Le premier procès aux assises pour un complot terroriste d’ultradroite et néonazi vient de se tenir. Ce genre de procès est-il appelé à se multiplier ? Combien d’individus potentiellement violents compte cette mouvance ?
La banalisation du recours à la violence et la tentation de vouloir imposer ses idées par la crainte ou l’intimidation font courir un grave danger à nos démocraties, dont les deux fondements cardinaux sont la liberté d’expression et le respect des opinions d’autrui, ainsi que le recours au suffrage universel, qui, seul, peut conférer la légitimité à nos gouvernants.
La mouvance d’ultradroite, forte d’environ deux mille personnes, est l’une de celles qui fragilisent ces piliers fondamentaux. Le risque terroriste qu’elle engendre est allé croissant ces dernières années au sein des démocraties occidentales, en France en particulier. A ce titre, 2015 a constitué un tournant, avec la survenance d’attentats terroristes sans précédent sur le sol européen et l’exposition de notre continent à d’importants flux migratoires. Une partie de l’extrême droite s’est alors radicalisée et a basculé dans la conviction que, pour protéger l’Europe du risque terroriste et de ce qu’elle désigne comme le « grand remplacement », face à l’« incurie », évidemment présumée, de l’Etat, il était nécessaire de se substituer à lui, de précipiter l’affrontement, pour avoir une chance de l’emporter « tant qu’il était encore temps ». L’enfermement algorithmique généré par les réseaux sociaux, l’influence d’idéologies radicales venues d’outre-Atlantique ont contribué à structurer durablement cette croyance.

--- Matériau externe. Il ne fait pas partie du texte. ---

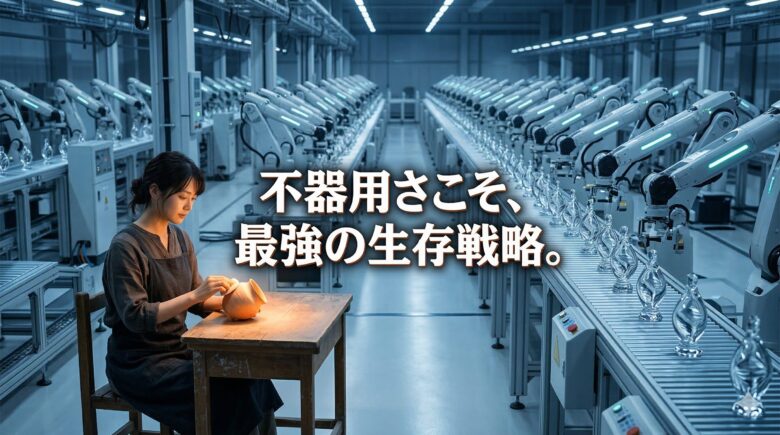 AIの完璧な量産品と人間の不器用な手仕事の対比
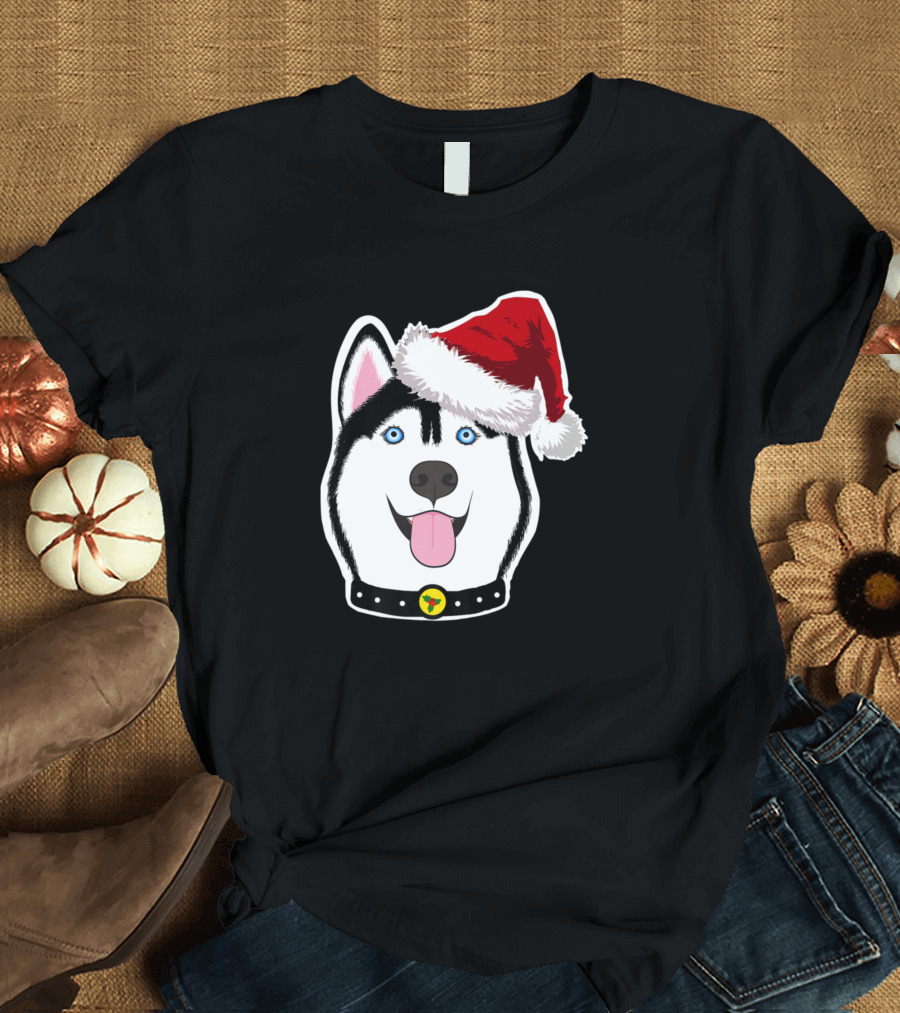Siberian Husky with Santa Hat and Festive Collar T-Shirt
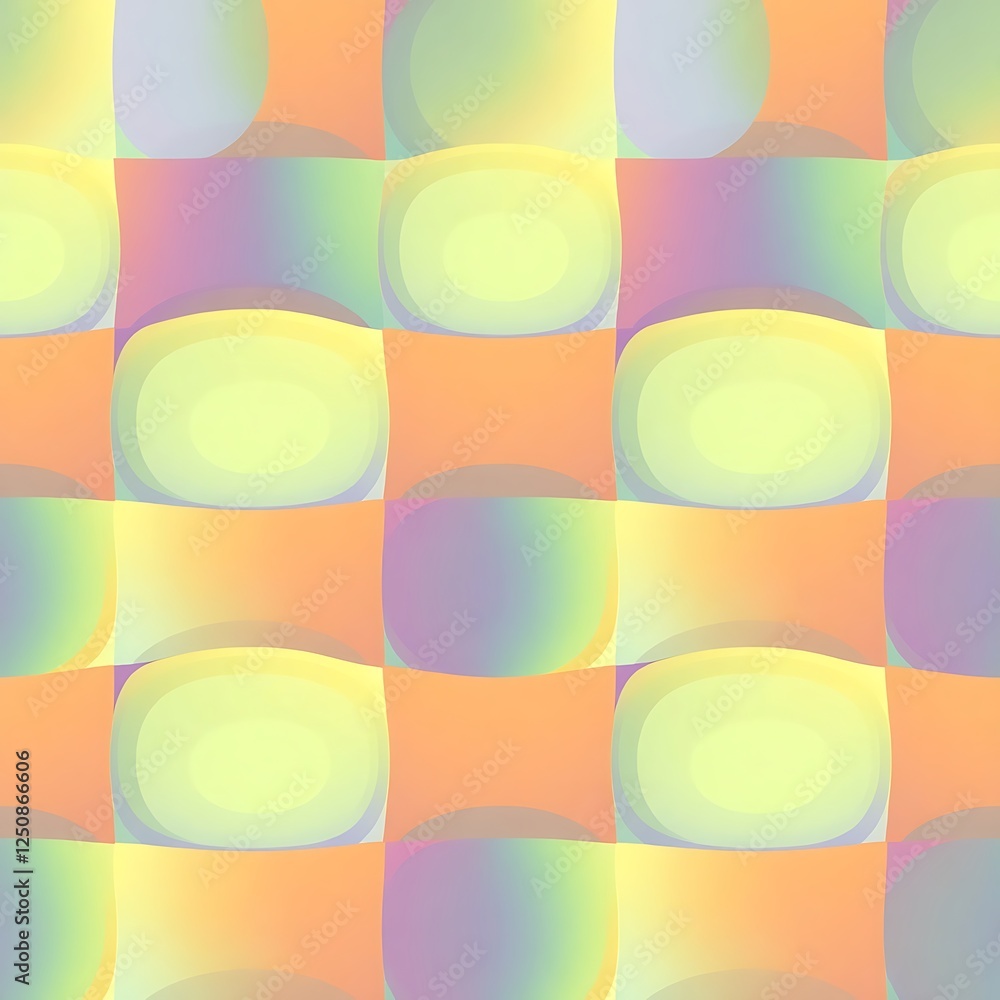 Aufkleber abstract geometric pattern: a vibrant and playful abstract pattern featuring a checkered grid of rou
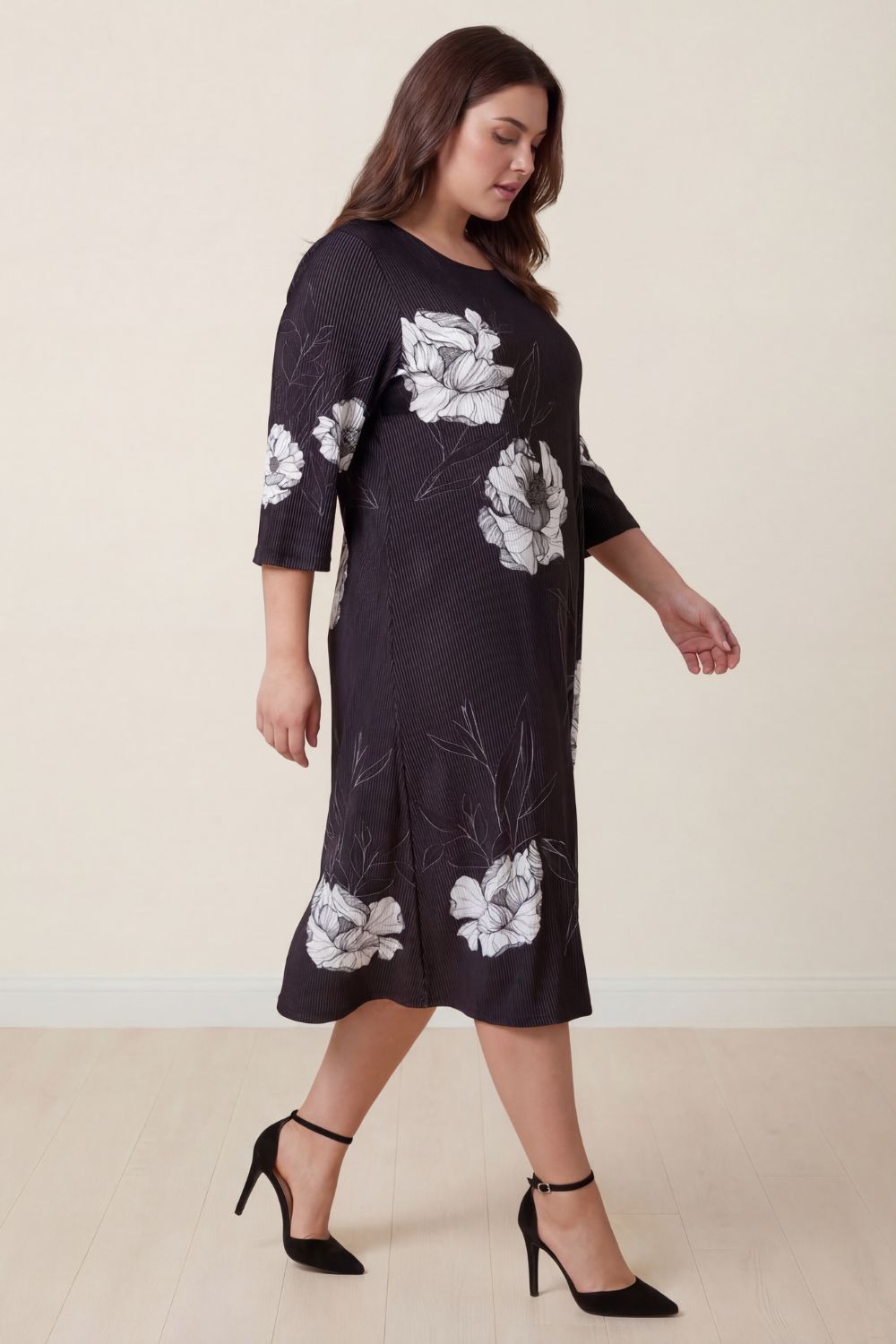 Plus Size Black Floral Print A-Line Dress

Par ailleurs, les périodes de troubles qu’ont traversées nos démocraties, notamment la crise sanitaire, ont été propices à la recherche d’explications simples aux désordres du monde. Des profils d’un genre nouveau, complotistes ou conspirationnistes, sont ainsi venus s’agréger à des groupuscules d’ultradroite. S’ils ne partagent pas nécessairement l’intégralité de cette idéologie, ils se retrouvent dans la désignation de boucs émissaires communs.
Quel est l’état réel de la menace terroriste d’ultradroite ?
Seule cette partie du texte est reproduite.